*** Data for this exercise Section Begins ***

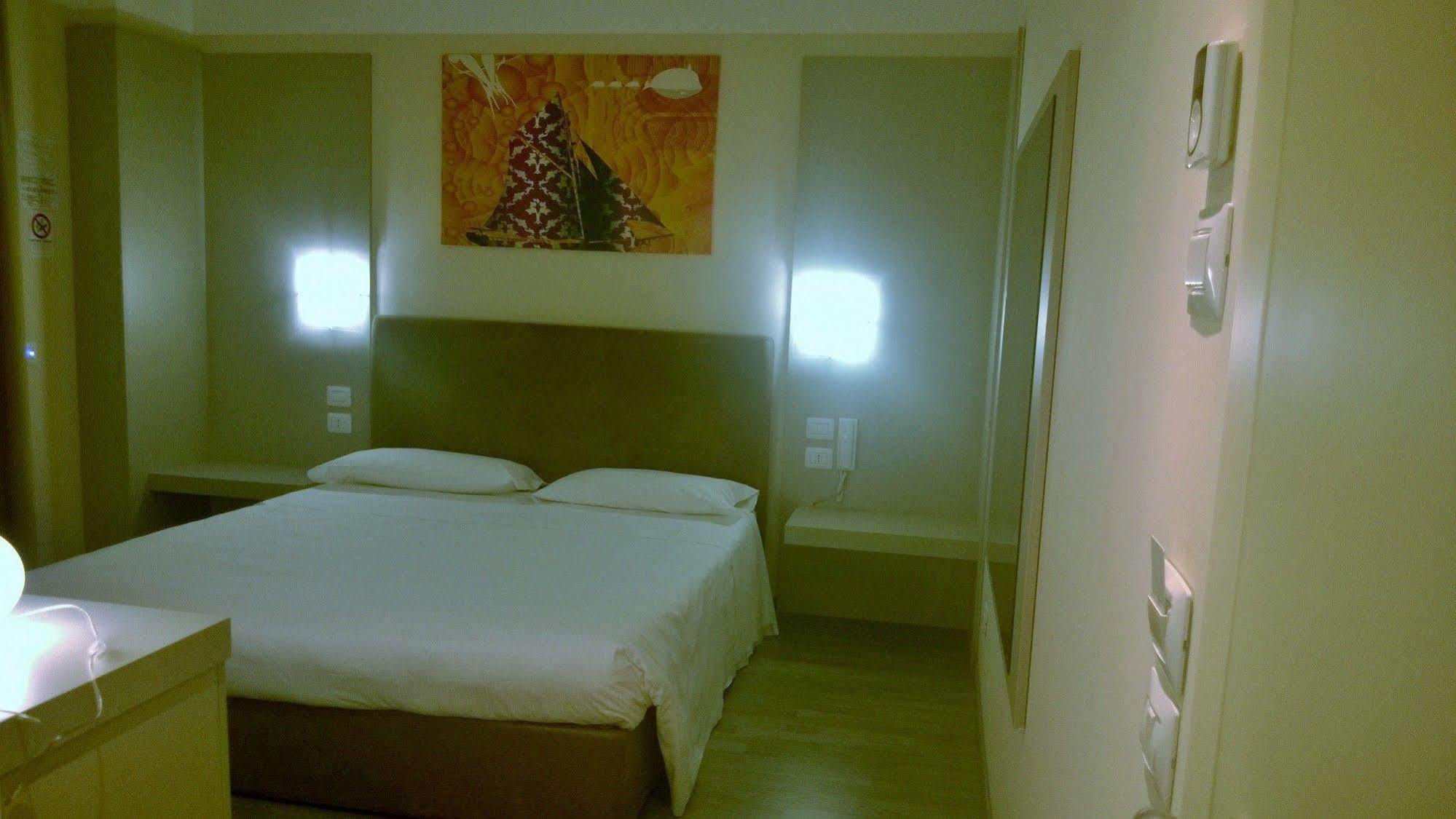 Hotel Motel Piu' Vaiano Cremasco Екстериор снимка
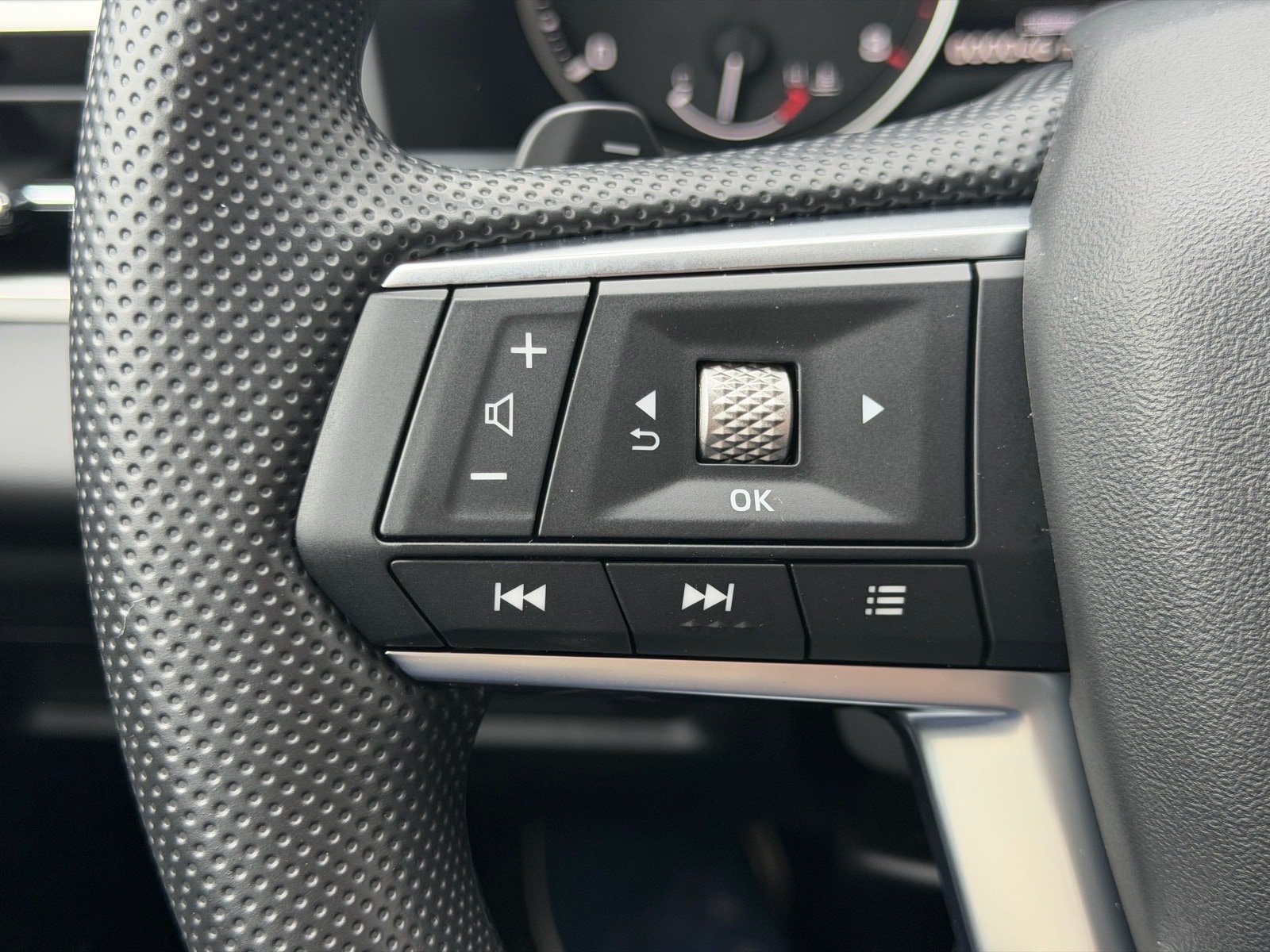 New 2026 Mitsubishi Outlander ES AWD/4WD image 24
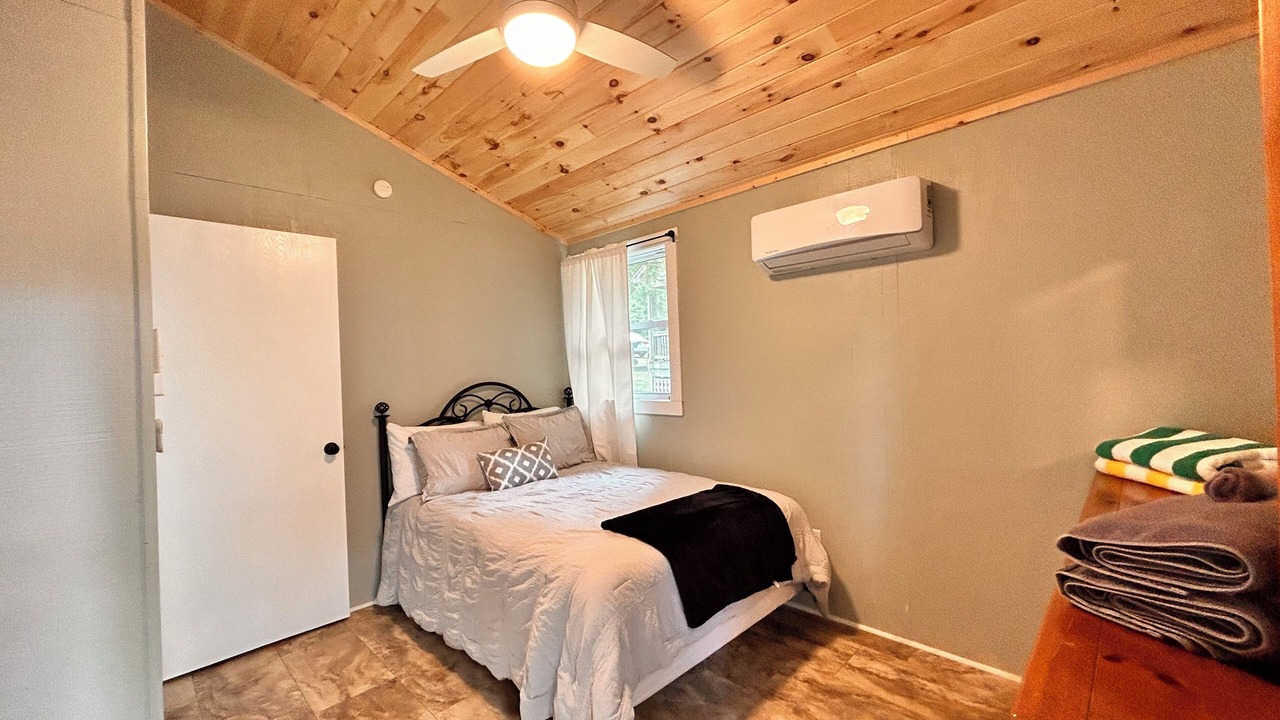 Photo of Bedroom in Colington Harbour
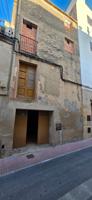 ¡Oportunidad única! Edificio en venta en el centro histórico de El Perelló – 339 m² para reformar photo 0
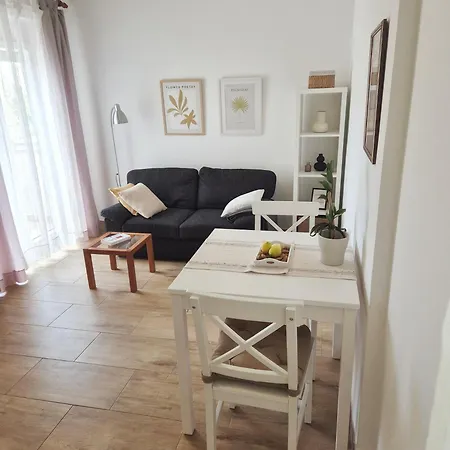 Tena With Private Parking Appartement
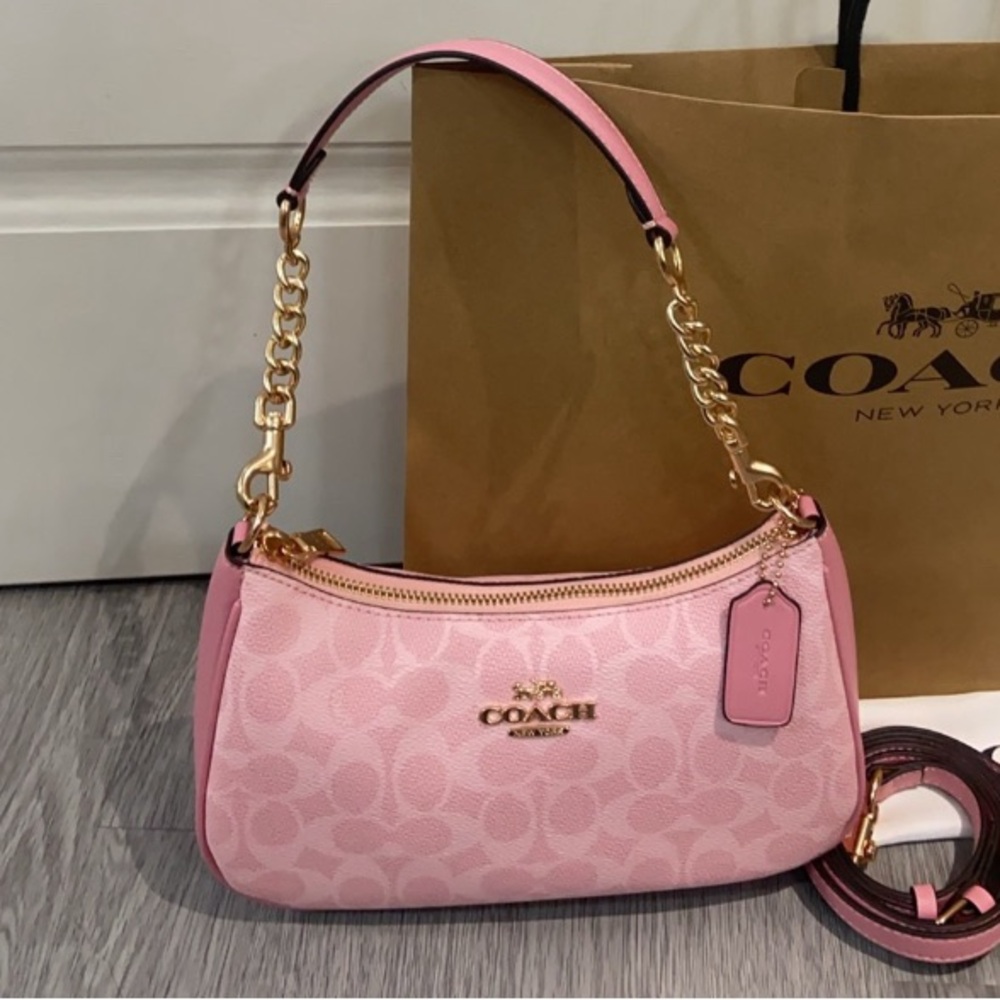 Coach Teri Shoulder Bag In Signature Canvas CA933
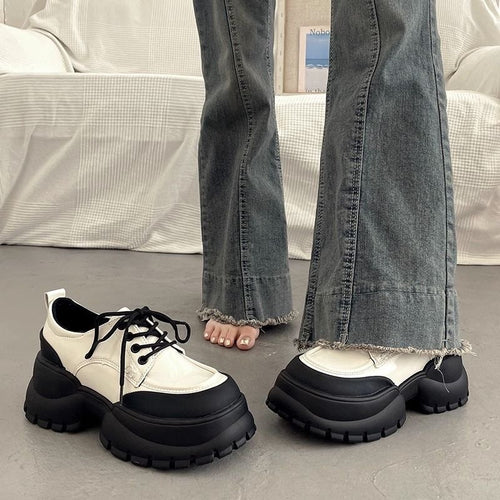 Damen Sportliche Lack Sneakers mit robuster Plateausohle und modischem Design EB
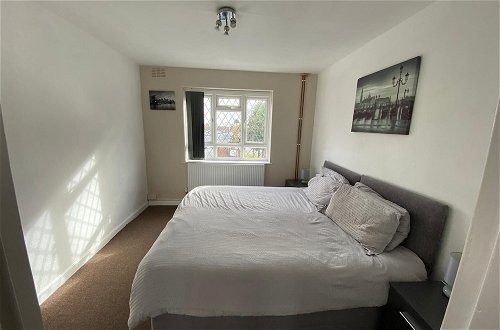 Foto 7 - Lovely 2-bed Apartment in Solihull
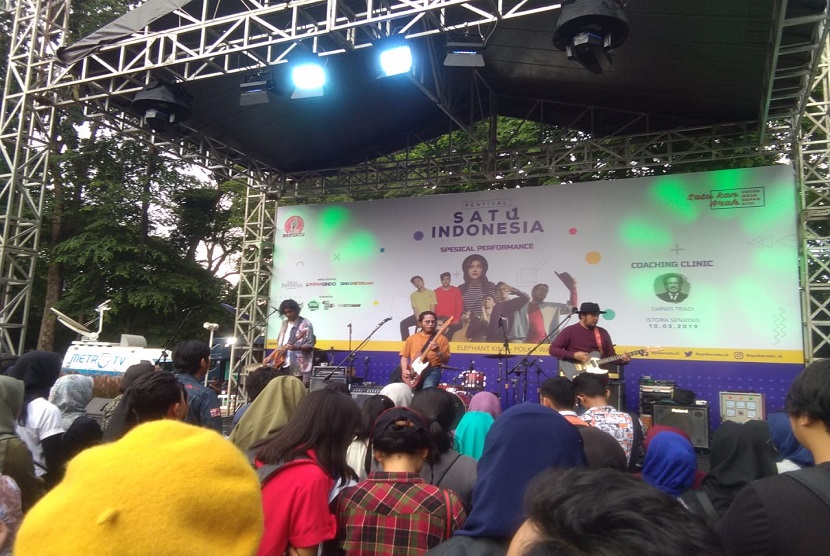 Musisi pengisi acara Satu Indonesia sedang beraksi di atas panggung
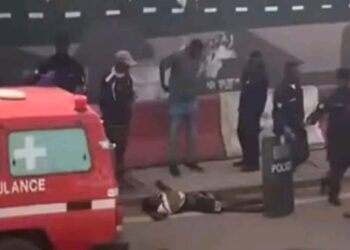 KM36 : un présumé voleur grièvement blessé après avoir sauté d&rsquo;un pont pour échapper à la foule
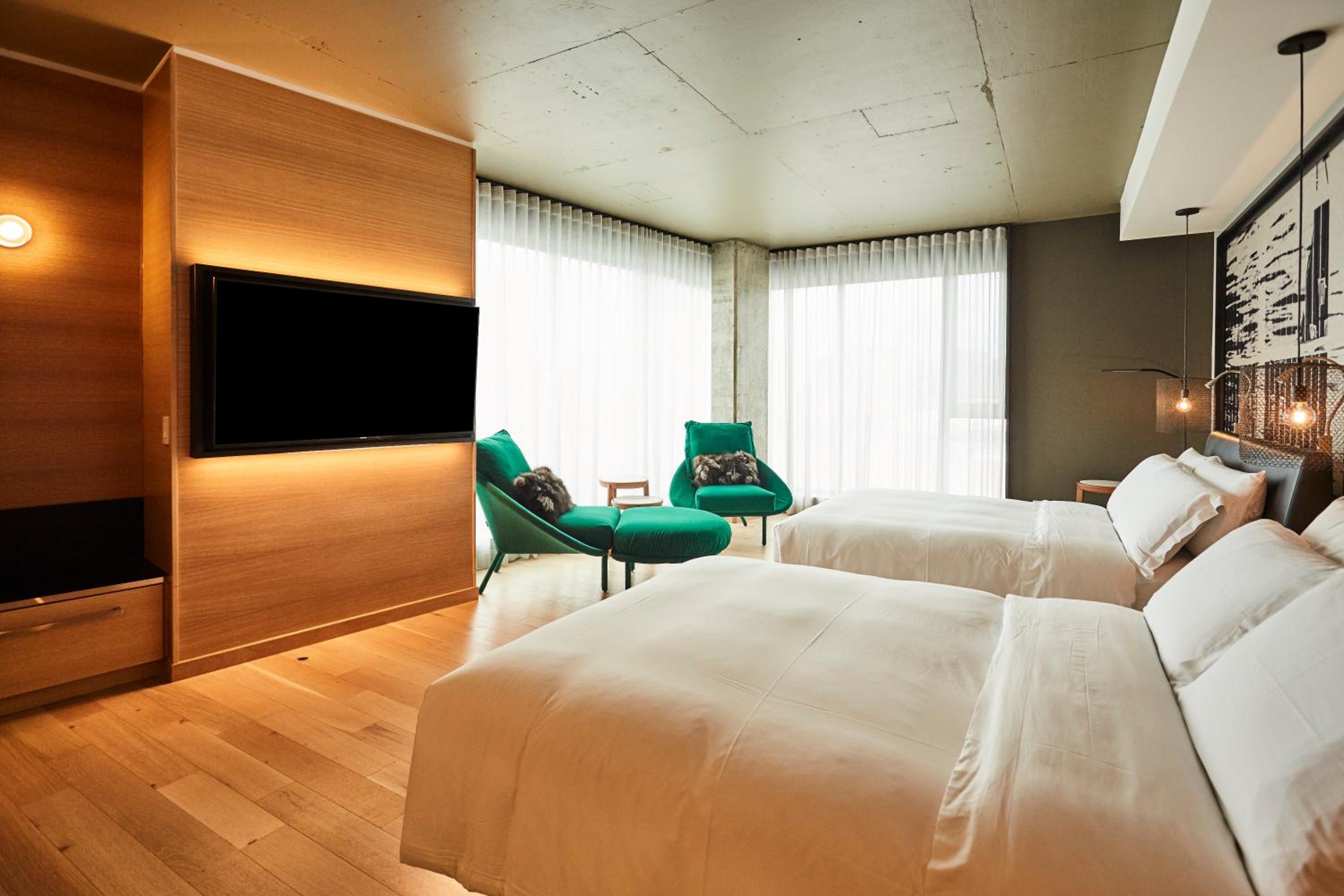 The Prestige Room - 2 Queen Beds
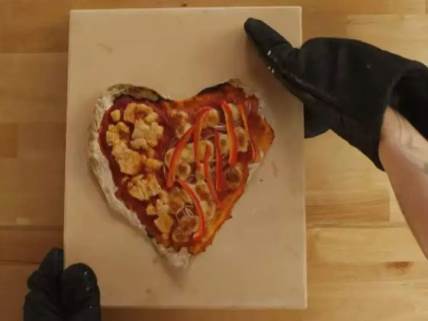 Bruklin Bekam se nije libio ni da pokaže izgorelu picu u obliku srca.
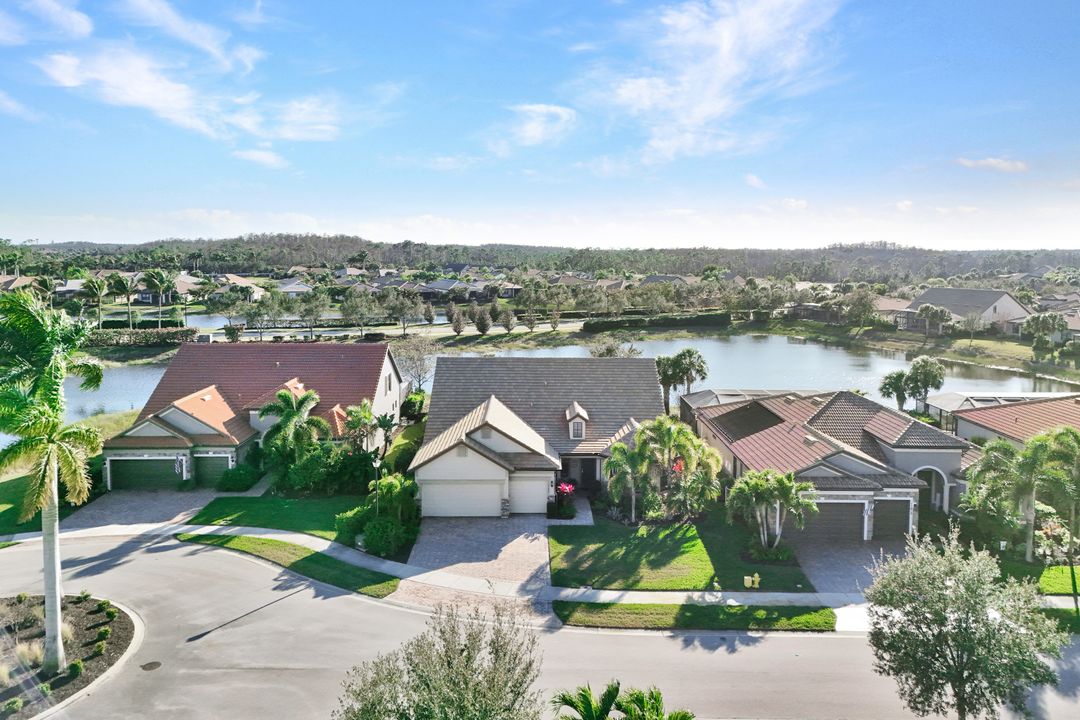 11807 Dixon Dr, Fort Myers, FL 33913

*** Data for this exercise Section Ends ***

• [Assignment]: A clean copy is needed of the lines above from the one with "Tena With Private Parking Appartement" up to and including the one with "The Prestige Room - 2 Queen Beds". Please set it down exactly, with no pictures.

• [Reply]:
 Tena With Private Parking Appartement
 Coach Teri Shoulder Bag In Signature Canvas CA933
 Damen Sportliche Lack Sneakers mit robuster Plateausohle und modischem Design EB
 Foto 7 - Lovely 2-bed Apartment in Solihull
 Musisi pengisi acara Satu Indonesia sedang beraksi di atas panggung
 KM36 : un présumé voleur grièvement blessé après avoir sauté d&rsquo;un pont pour échapper à la foule
 The Prestige Room - 2 Queen Beds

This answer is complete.